With the public favoring changes in the immigration system, the Republicans’ best short-term response appears to be purely rhetorical: that the president is granting amnesty to millions and exceeding his constitutional authority in the process. Beyond that, their hopes of reversing his policies appear to be either a years-long lawsuit or the 2016 presidential election.

Neither of those is likely to satisfy Tea Party adherents in Congress — or the Republican presidential contenders vying for support among party activists who will play an outsized role in early primaries and caucuses just over a year away.

“We alone, I say it openly, we the Senate are waiting in our duty to stop this lawless administration and its unconstitutional amnesty,” said Sen.

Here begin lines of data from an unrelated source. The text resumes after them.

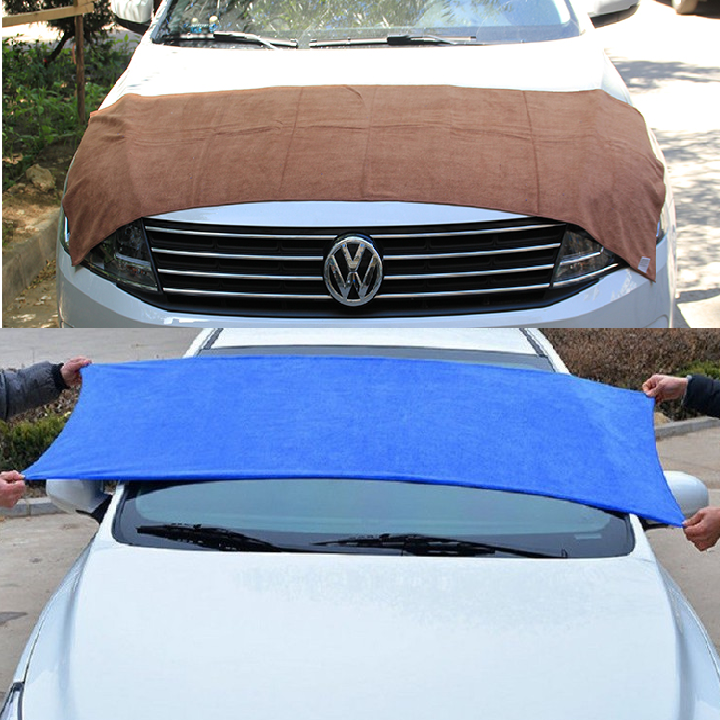 Khăn Lau Chuyên Dụng Cho Gara Ô Tô & Salon Tóc Siêu Dầy Siêu Thấm(màu xanh biển)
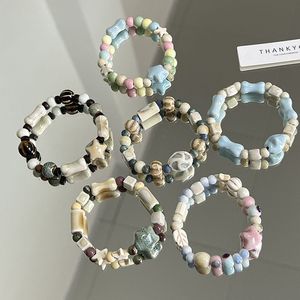 Bracelet en céramique de Jingdezhen Modè<span class=keywords><strong>le</strong></span> 1007, matériaux mixtes, inaltérable, style vintage, tendance et frais, tressé à la main, pour étudiantes - Product Image 1
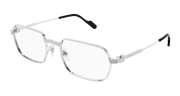 Cartier CT0483O Eyeglasses - Silver / Transparent (002)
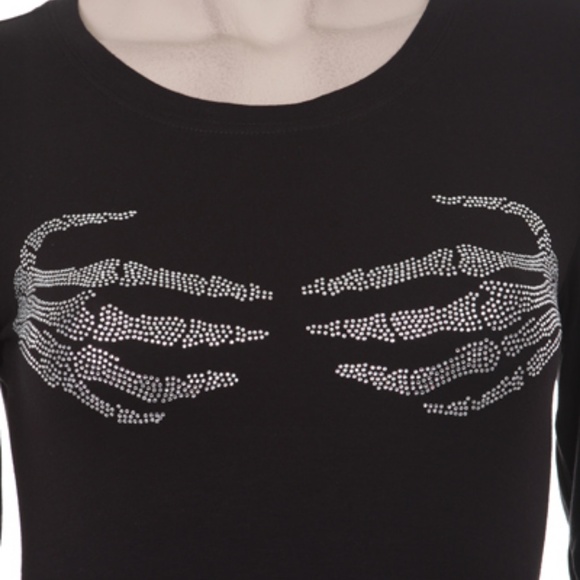 Halloween Skull Hands By Back to Basics - Picture 1 of 4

Ted Cruz of Texas.

House Speaker John Boehner and Senate leader Mitch McConnell aren’t interested in impeachment. Nor are they interested in provoking a government shutdown as a way to block spending needed to carry out Obama’s order, viewing that as a poor way to embark on a new era of Republican control of Congress.

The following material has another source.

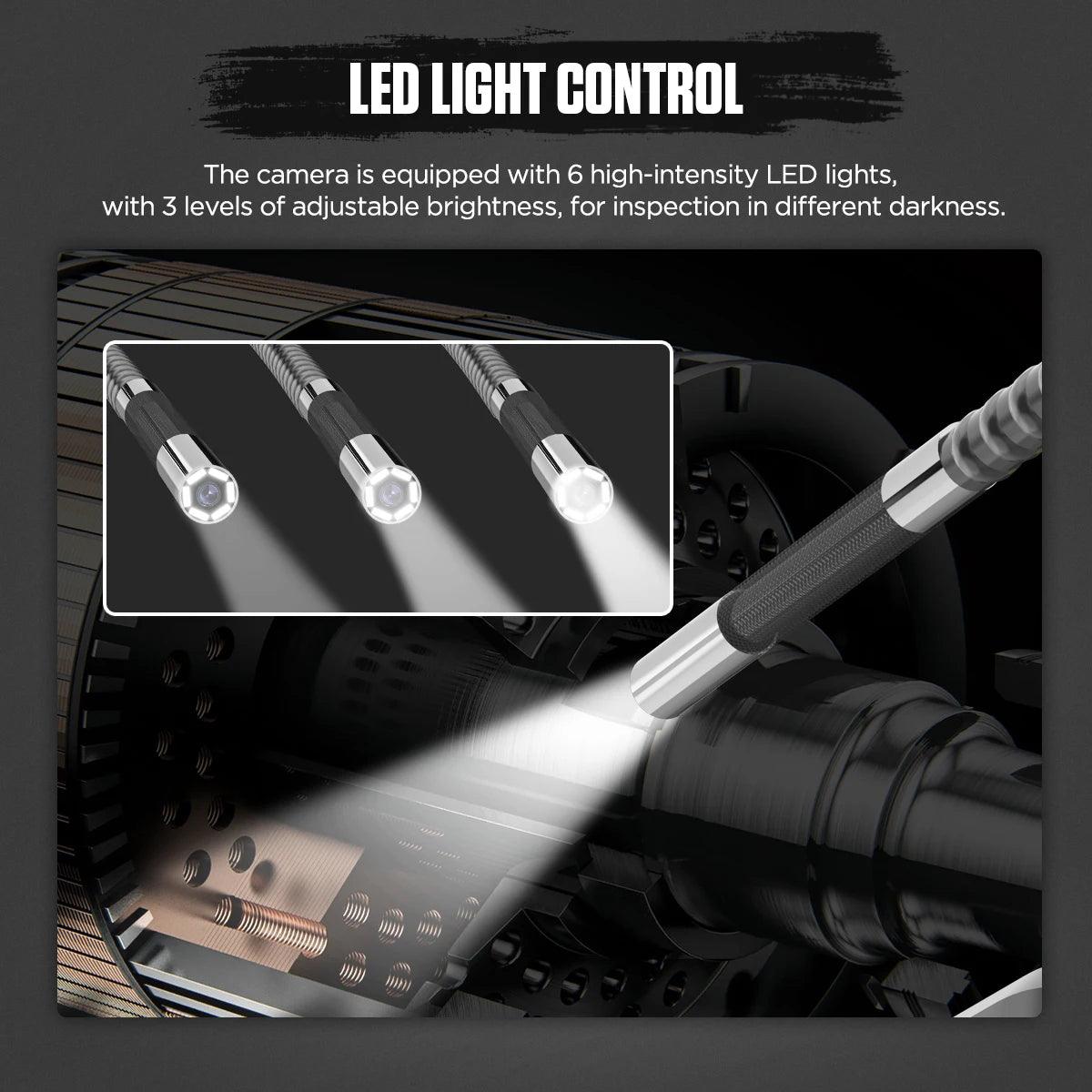 AUTOOL SVB305 720 HD Automotive Industrial Endoscope with Light Autofocus Endoscope Inspection Camera Lens for IMG & Video Inspection Camera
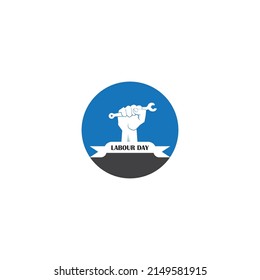 labor day logo vector illustration design template.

“We’re considering a variety of options. But make no mistake. When the newly elected representatives of the people take their seats, they will act,” said McConnell, who will become majority leader when his party assumes control of the Senate in January.

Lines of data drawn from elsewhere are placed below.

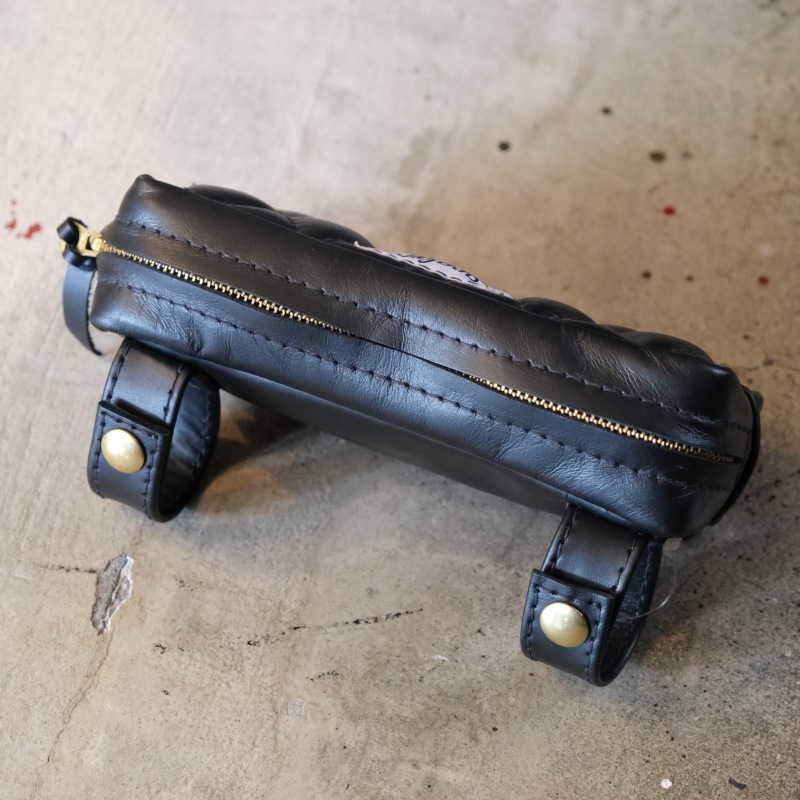 Langlitz Leathers 󥰥åĥ쥶 Padded Side Bag ѥǥåɥɥХå  ϥ BLACKƥå MADE IN USA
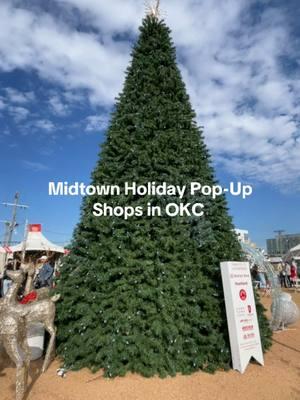 Midtown holiday pop-up shops in oklahoma city! Grab a drink and do your christmas shopping - or grab a fresh christmas tree. 🎄🎅🏼 #oklahomacity #okc #thingstodoinokc #thingstodoinoklahoma #okcinfluencer #travelok #christmasmarket #christmasbucketlist #christmasshopping #winteractivities #christmasactivities 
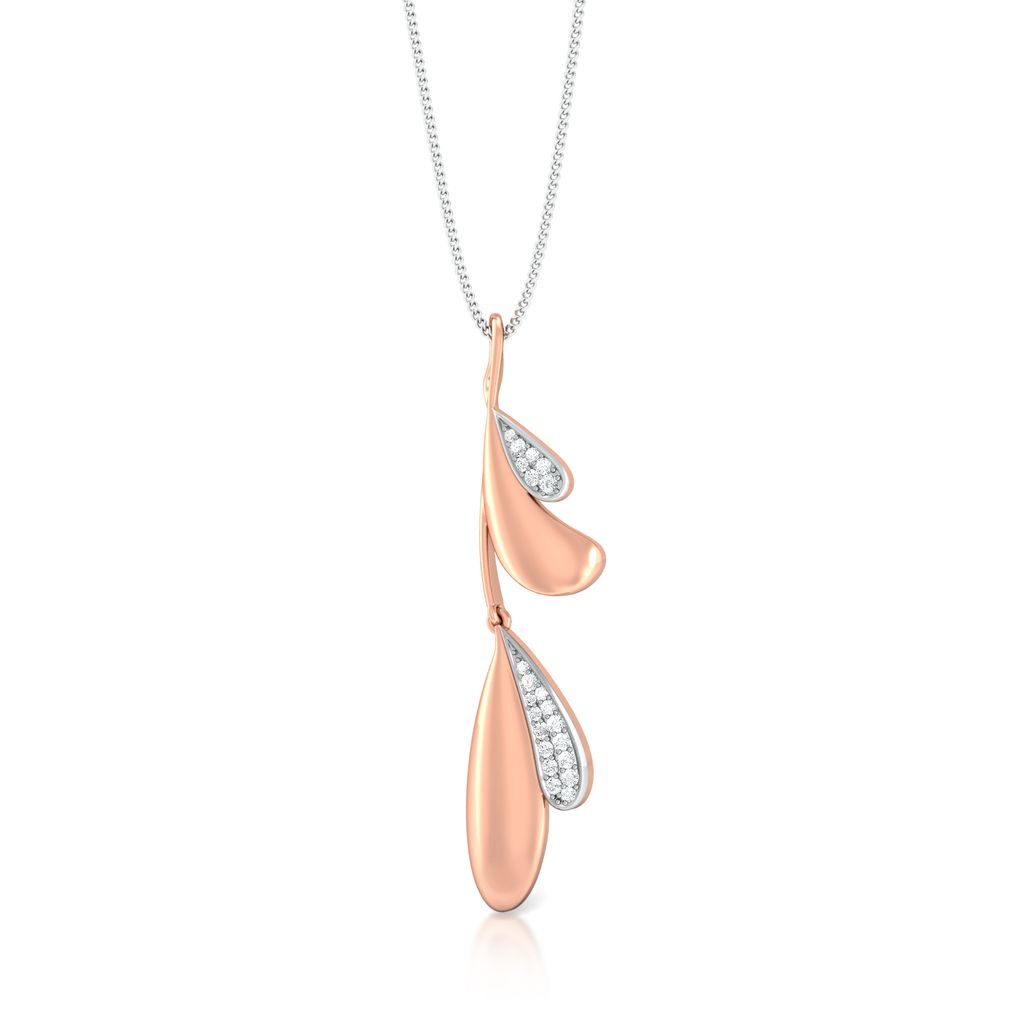 Mistletoe Diamond Pendants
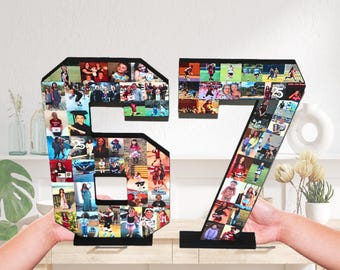 Senior Number Collage 2025 Baseball Jersey Number Senior Night Gift Senior Athlete Senior Grad Sports Senior Wooden Sports Wall Senior Night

In the interim, Democrats interrupted their squabbling over dispiriting midterm election losses.

“The last two weeks haven’t been great weeks for us,” said New York Rep. Joe Crowley. “The president is about to change that.”

The political debate is well underway, although the two parties seem to be appealing to different segments of the electorate. Polls show that the country as a whole and especially Latinos favor allowing immigrants to remain in the country and work even if here without legal permission. Conservatives tend to prefer deportation.

Republicans argue that Obama is forfeiting any chance of working with Congress to achieve immigration reform. Democrats counter that it’s been about 17 months since the Senate passed the bipartisan bill.